Il 2 giugno, la coesione nazionale e il premier sotto attacco
02 giugnoo 2009
Il 2 giugno porta con sé il nuovo appello di Giorgio Napolitano alla coesione nazionale. E molti ricordano che poco più di un mese fa, il 25 aprile, un analogo invito era stato accolto dalle forze politiche con inedito slancio. Allora, in particolare, si parlò di ritrovata sintonia tra il capo dello Stato e Berlusconi. Sembrava davvero che un minimo di coesione, almeno sui valori di fondo della Repubblica e sul rispetto dovuto alle istituzioni, fosse possibile.
Sono passate appena cinque settimane, ma pare un secolo. Le parole di Napolitano cadono oggi nel mezzo di un dibattito politico greve e mediocre. Mai così in basso negli ultimi anni. Ma non ci sono innocenti e nessuno può atteggiarsi a vittima. Quel che è peggio, si avverte un appannamento della qualità democratica: per cui se il presidente della Repubblica invoca l'unità del paese sulle questioni serie, si capisce che c'è qualcosa di drammatico nell'aria. Questa volta l'appello è soprattutto un modo per salvaguardare la compattezza delle istituzioni e chiedere alle maggiori forze politiche di assumersi le loro responsabilità.

Disgrazia vule che il clima non sia più quello del 25 aprile. È come se fosse iniziata una lugubre resa dei conti che potrebbe durare un tempo molto lungo: nessuno è in grado di saperlo. E mentre l'immagine e dunque la forza del presidente del Consiglio subiscono un lento processo di logoramento - perchè di questo si tratta - il tessuto civile del paese si consuma.
Ieri Berlusconi ha subito un nuovo attacco dalla stampa europea. L'articolo del «Times» di Londra è brutale oltre che offensivo. La descrizione del «clown» (anzi, del «clown sciovinista») a cui è caduta la maschera rivela quanto pesino i pregiudizi verso l'Italia berlusconiana. L'attacco non è il primo della serie ed è lecito dubitare che sia l'ultimo. La stampa inglese colpisce da un po' di tempo gli spalti di Palazzo Grazioli con un bombardamento spietato. E dietro i maestri anglosassoni si muovono altre testate europee che non hanno mai nascosto l'avversione al personaggio Berlusconi.

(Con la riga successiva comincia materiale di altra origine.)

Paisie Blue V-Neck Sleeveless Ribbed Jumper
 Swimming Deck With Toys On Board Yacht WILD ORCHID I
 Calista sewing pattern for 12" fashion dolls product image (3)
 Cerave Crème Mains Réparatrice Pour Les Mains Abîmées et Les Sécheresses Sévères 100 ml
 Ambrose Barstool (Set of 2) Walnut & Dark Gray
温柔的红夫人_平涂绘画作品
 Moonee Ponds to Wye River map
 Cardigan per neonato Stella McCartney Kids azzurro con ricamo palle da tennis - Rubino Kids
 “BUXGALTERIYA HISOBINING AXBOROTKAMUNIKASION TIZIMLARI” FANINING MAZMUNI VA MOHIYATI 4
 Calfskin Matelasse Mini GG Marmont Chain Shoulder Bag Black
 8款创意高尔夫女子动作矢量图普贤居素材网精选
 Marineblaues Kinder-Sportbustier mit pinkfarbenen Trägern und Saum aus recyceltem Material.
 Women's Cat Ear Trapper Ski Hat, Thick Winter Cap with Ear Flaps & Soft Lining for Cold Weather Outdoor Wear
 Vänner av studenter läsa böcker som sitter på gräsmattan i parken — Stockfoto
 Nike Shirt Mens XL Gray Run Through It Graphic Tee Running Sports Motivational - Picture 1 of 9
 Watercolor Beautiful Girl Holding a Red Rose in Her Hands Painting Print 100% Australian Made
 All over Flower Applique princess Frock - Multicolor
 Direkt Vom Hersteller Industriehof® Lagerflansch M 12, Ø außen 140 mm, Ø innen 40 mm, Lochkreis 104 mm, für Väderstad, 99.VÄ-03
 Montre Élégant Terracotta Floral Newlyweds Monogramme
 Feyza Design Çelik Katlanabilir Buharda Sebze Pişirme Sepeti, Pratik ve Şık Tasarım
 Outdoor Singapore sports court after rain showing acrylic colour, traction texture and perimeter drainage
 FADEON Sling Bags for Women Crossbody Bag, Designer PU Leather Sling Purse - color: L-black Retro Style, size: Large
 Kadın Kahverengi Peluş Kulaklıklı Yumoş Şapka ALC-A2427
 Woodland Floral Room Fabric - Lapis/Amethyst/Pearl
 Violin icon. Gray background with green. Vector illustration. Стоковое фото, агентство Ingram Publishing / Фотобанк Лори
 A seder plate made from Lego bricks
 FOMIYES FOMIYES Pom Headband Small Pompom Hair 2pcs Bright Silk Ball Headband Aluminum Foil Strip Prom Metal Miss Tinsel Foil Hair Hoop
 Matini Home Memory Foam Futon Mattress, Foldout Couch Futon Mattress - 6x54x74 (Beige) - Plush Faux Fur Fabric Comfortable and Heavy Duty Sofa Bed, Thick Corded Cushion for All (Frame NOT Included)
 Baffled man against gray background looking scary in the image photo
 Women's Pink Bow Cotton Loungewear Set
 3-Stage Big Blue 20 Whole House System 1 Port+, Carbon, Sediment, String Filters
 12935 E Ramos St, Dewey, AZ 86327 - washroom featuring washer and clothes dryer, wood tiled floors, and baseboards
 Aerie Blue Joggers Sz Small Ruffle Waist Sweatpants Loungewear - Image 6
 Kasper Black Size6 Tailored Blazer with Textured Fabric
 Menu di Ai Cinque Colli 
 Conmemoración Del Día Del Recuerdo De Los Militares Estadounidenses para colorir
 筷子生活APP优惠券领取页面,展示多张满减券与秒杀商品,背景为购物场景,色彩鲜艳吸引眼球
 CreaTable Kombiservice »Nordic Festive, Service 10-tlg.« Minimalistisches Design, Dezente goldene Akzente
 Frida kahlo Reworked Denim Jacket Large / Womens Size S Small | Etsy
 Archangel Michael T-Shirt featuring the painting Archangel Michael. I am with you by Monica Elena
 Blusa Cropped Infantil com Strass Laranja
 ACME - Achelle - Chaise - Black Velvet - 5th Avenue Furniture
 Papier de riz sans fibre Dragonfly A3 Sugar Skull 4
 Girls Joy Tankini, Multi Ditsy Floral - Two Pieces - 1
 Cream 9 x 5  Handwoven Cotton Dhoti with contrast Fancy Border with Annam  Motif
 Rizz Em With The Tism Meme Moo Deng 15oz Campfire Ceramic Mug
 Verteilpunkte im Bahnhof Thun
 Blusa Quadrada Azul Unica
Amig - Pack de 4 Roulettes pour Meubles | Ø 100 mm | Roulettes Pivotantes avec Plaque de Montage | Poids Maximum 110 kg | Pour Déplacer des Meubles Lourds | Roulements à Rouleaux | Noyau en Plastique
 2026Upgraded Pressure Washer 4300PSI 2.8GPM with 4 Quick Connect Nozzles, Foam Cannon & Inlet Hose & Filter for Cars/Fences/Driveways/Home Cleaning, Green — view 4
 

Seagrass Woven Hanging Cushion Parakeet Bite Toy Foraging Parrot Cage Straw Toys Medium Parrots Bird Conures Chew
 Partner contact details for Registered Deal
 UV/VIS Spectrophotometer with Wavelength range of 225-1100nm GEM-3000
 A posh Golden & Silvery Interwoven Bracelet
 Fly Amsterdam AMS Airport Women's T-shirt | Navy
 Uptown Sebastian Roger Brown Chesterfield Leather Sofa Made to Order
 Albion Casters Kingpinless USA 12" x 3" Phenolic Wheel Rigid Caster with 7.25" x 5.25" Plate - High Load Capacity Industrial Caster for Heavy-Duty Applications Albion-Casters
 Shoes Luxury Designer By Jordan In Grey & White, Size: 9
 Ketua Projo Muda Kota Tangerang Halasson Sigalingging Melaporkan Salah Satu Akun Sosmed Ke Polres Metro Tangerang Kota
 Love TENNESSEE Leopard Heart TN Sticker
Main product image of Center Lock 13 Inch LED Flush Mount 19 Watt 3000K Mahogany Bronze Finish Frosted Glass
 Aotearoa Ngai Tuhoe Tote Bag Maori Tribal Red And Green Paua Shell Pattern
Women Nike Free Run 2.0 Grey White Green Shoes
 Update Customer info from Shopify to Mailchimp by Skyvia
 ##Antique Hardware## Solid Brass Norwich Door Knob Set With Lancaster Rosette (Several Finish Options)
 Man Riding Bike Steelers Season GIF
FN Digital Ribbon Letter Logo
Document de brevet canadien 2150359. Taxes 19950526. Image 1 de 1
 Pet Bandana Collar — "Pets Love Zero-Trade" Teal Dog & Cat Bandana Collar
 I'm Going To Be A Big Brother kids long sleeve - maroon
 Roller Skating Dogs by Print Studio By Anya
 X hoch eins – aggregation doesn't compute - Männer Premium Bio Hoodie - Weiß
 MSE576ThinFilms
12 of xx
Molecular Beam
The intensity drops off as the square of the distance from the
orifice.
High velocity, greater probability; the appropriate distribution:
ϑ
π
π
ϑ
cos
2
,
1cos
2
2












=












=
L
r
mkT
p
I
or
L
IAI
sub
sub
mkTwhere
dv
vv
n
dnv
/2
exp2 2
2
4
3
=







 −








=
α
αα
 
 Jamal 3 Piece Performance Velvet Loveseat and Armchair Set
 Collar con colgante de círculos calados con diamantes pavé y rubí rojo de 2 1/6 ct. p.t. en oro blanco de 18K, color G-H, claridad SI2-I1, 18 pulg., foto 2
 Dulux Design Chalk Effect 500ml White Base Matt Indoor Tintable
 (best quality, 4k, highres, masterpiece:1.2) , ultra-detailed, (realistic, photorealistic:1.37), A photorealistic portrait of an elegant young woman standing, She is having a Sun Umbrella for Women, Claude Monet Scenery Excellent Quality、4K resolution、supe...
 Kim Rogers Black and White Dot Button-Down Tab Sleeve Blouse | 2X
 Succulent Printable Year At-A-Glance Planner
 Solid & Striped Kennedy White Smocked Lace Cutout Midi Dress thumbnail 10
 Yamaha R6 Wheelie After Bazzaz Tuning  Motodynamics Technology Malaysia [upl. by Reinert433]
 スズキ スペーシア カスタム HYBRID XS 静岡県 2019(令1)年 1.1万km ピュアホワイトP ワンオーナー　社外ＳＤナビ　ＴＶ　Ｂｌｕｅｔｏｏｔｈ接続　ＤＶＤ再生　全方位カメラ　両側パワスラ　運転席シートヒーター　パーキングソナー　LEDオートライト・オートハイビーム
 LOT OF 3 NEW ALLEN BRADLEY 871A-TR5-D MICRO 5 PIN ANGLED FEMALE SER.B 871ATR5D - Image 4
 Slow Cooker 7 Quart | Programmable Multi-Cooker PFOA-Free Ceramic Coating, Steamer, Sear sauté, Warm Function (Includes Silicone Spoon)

È uno stillicidio che nasce dall'errore iniziale compiuto dal premier. Invece di rispondere con un minimo di umiltà alle dieci domande di «Repubblica», e soprattutto ai legittimi interrogativi dell'opinione pubblica, ci si è arenati nel braccio di ferro con i giornali «ostili». Un atteggiamento incomprensibile all'estero, tale da alimentare la campagna che ora si è scatenata.
Al momento siamo in una sorta di vicolo cieco. Berlusconi risponde con il suo tono di sempre: «C'è l'Italia dei giornali e quella reale, gli italiani sono con me». E può anche darsi che i titoli sprezzanti della stampa straniera producano l'effetto opposto a quello desiderato: nel senso che potrebbero accrescere il consenso immediato a Berlusconi, in virtù di un riflesso, questo sì, «sciovinistico». Ma alla lunga la lacerazione sarebbe insostenibile. Quel che è certo, Berlusconi appare incerto e isolato. Il 15, dopo le elezioni, andrà negli Usa e incontrerà Obama. Sarà un colloquio delicato, perché il premier ha perso il rapporto speciale che aveva con Bush. Alcune delle sue difficoltà sulla scena internazionale derivano dal fatto che con il nuovo presidente la relazione è sfilacciata, ricca di diffidenze da parte americana. E Berlusconi può forse reggere la guerriglia mediatica sul piano interno, ma ha bisogno di spalle coperte presso il principale alleato. Con Bush le aveva, con Obama sembra di no.